==== DATASET ENTRIES ====

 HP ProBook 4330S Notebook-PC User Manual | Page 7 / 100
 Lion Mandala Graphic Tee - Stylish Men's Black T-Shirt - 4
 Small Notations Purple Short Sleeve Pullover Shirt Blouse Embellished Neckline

====
==== DATASET ENTRIES ====

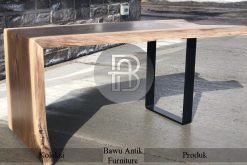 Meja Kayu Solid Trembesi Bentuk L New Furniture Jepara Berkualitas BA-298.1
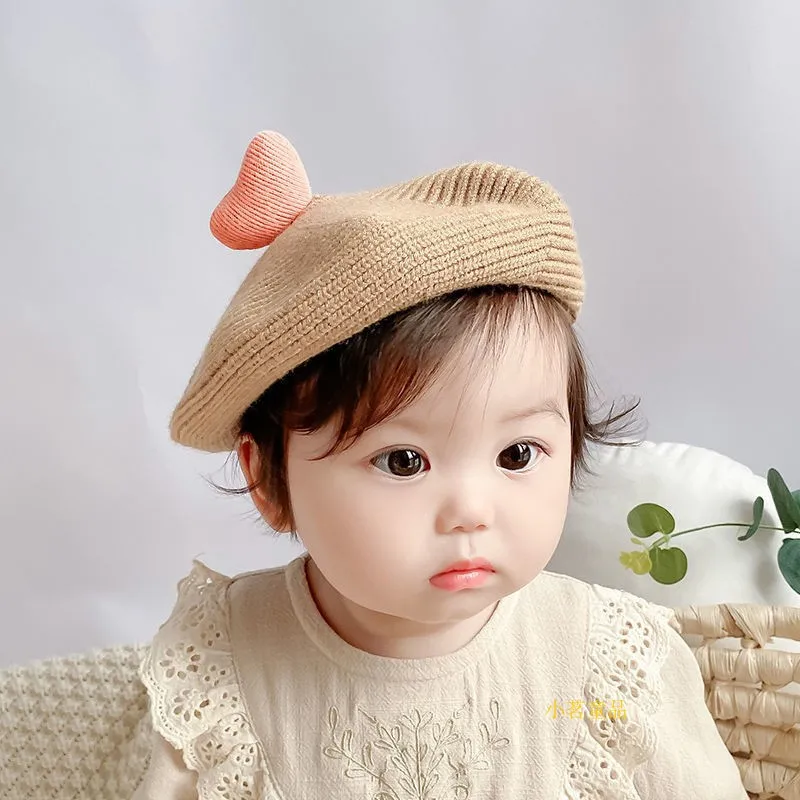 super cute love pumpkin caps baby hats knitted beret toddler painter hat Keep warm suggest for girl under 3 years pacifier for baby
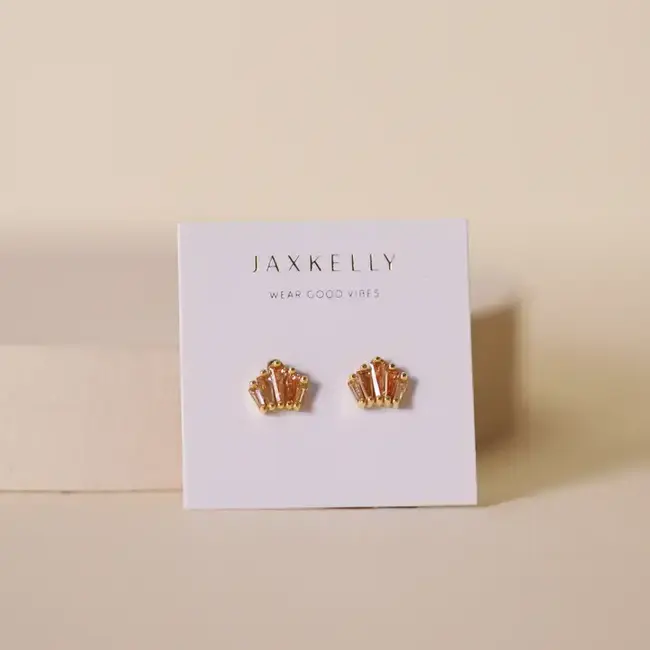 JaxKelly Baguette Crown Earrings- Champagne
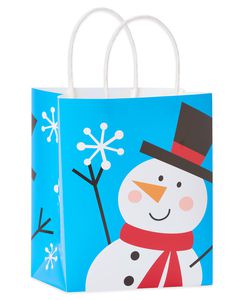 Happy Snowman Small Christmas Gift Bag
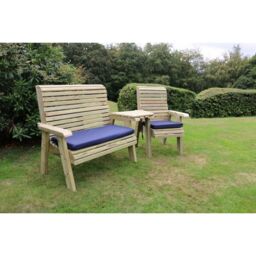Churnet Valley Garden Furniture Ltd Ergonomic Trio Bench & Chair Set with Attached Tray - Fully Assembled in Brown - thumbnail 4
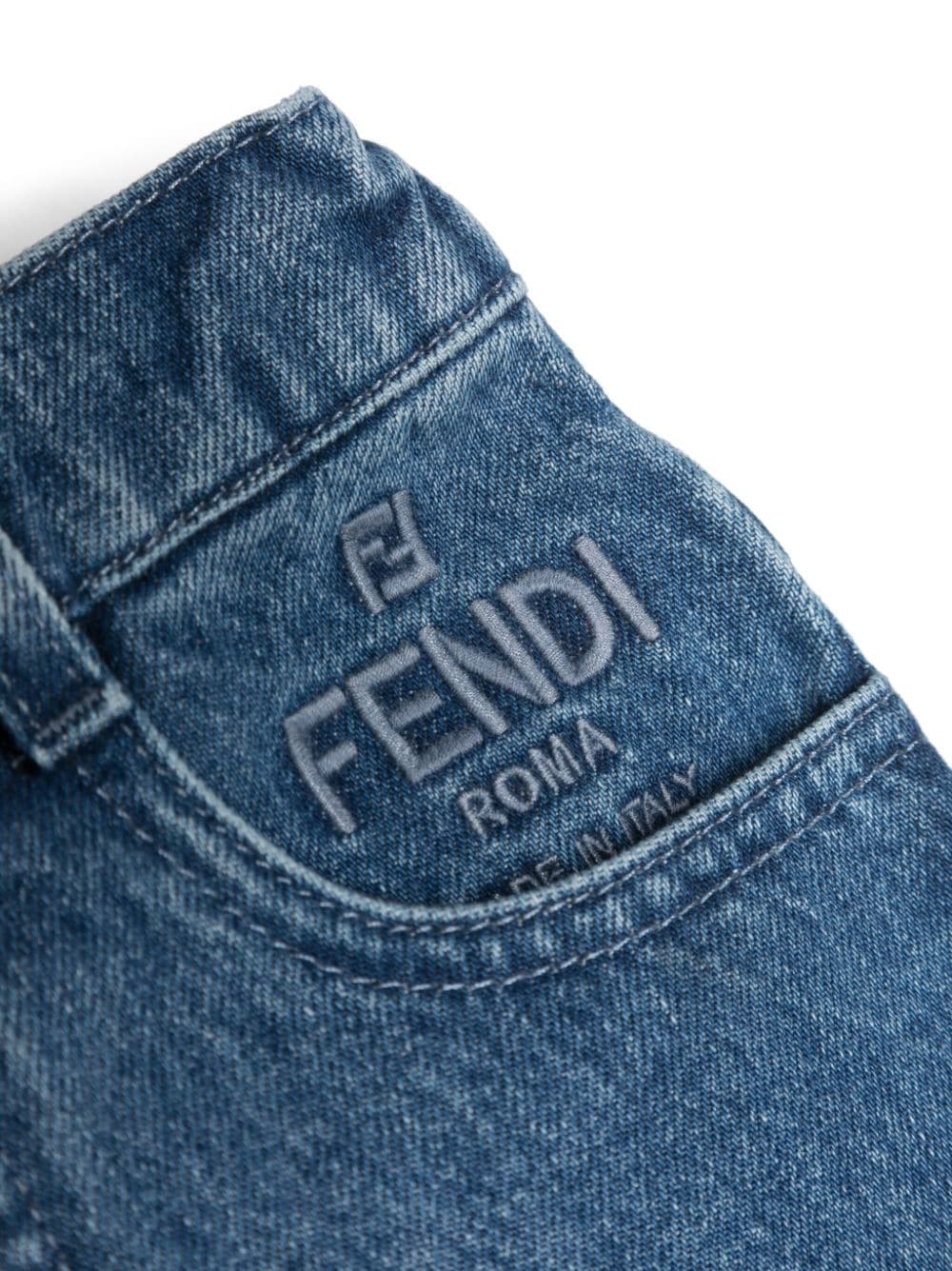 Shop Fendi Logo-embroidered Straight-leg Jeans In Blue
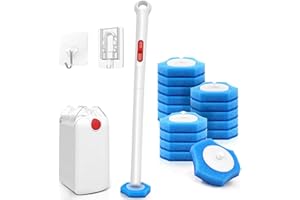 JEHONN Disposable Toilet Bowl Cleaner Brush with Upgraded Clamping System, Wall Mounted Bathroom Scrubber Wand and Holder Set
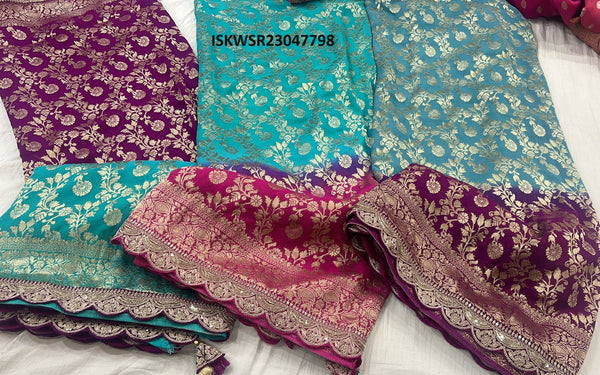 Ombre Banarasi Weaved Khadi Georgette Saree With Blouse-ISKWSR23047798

====
==== DATASET ENTRIES ====

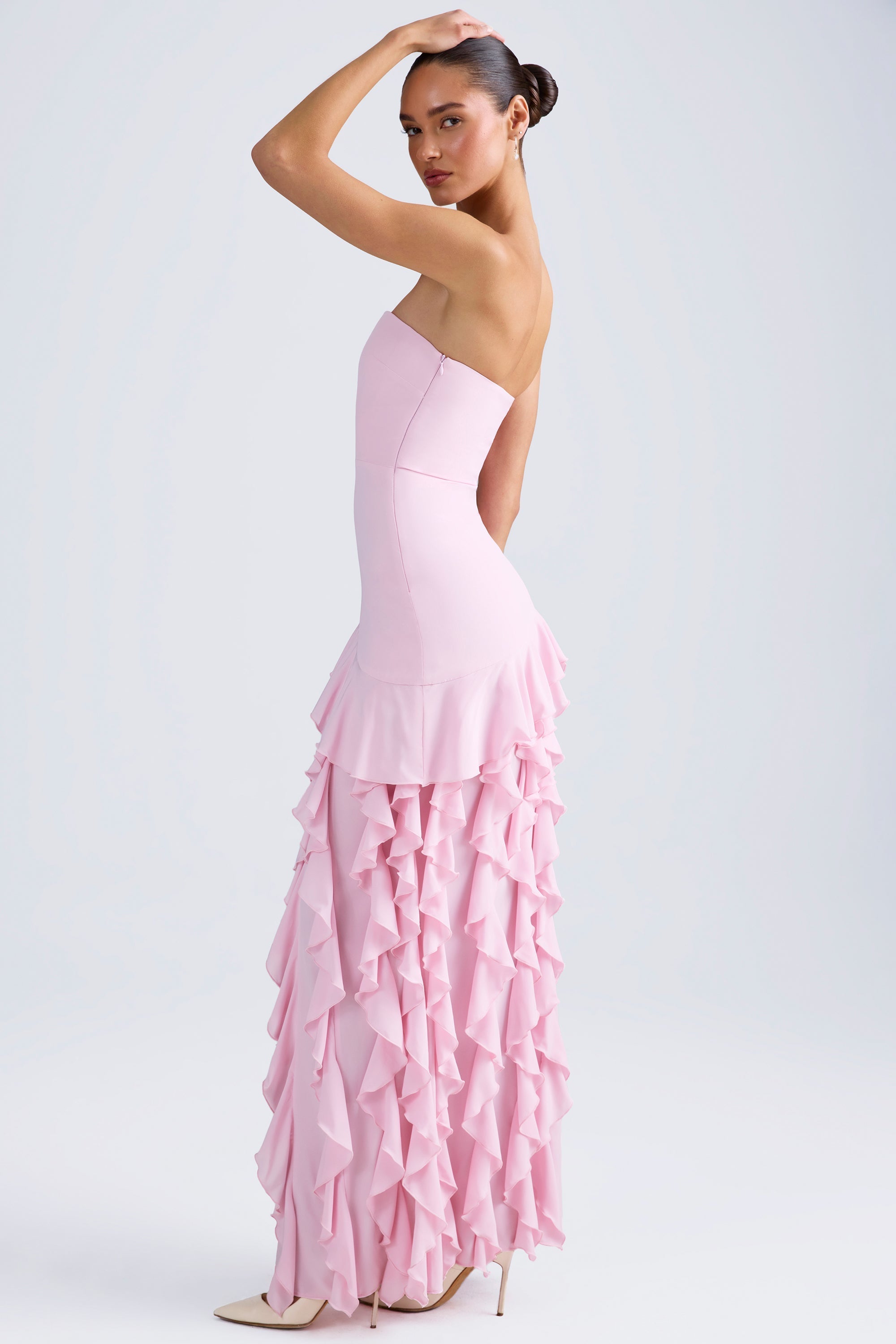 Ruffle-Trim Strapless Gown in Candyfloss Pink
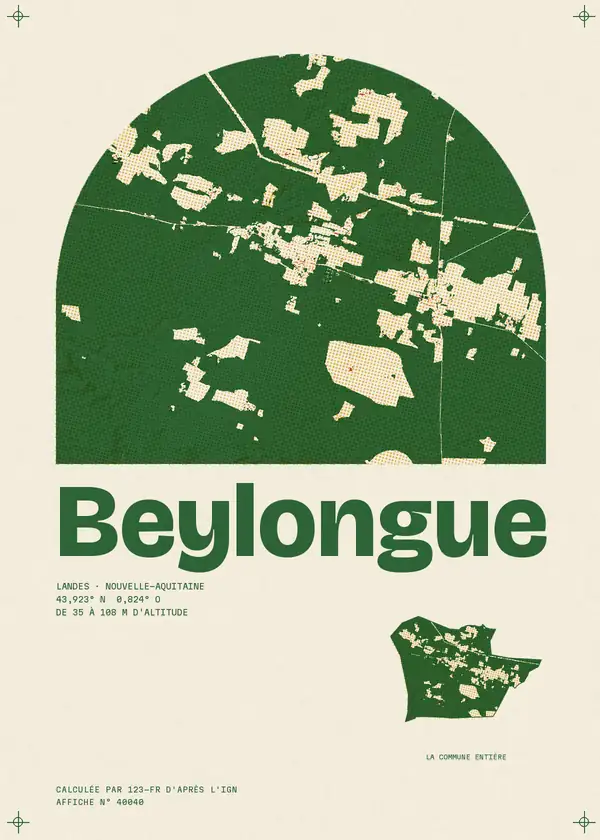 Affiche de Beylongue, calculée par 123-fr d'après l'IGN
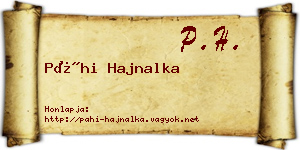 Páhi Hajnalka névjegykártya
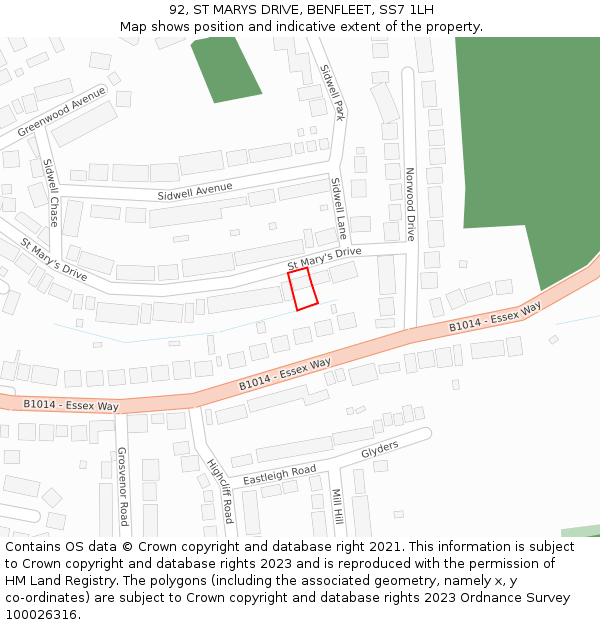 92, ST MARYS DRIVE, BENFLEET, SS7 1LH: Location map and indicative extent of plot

====

### WORK TASK
Nothing but the lines from the one with "Ruffle-Trim Strapless Gown" to the one with "92, ST MARYS" above, both included, should be transcribed, exactly and without pictures.

### WRITTEN ANSWER
 Ruffle-Trim Strapless Gown in Candyfloss Pink
 Affiche de Beylongue, calculée par 123-fr d'après l'IGN
 Páhi Hajnalka névjegykártya
 92, ST MARYS DRIVE, BENFLEET, SS7 1LH: Location map and indicative extent of plot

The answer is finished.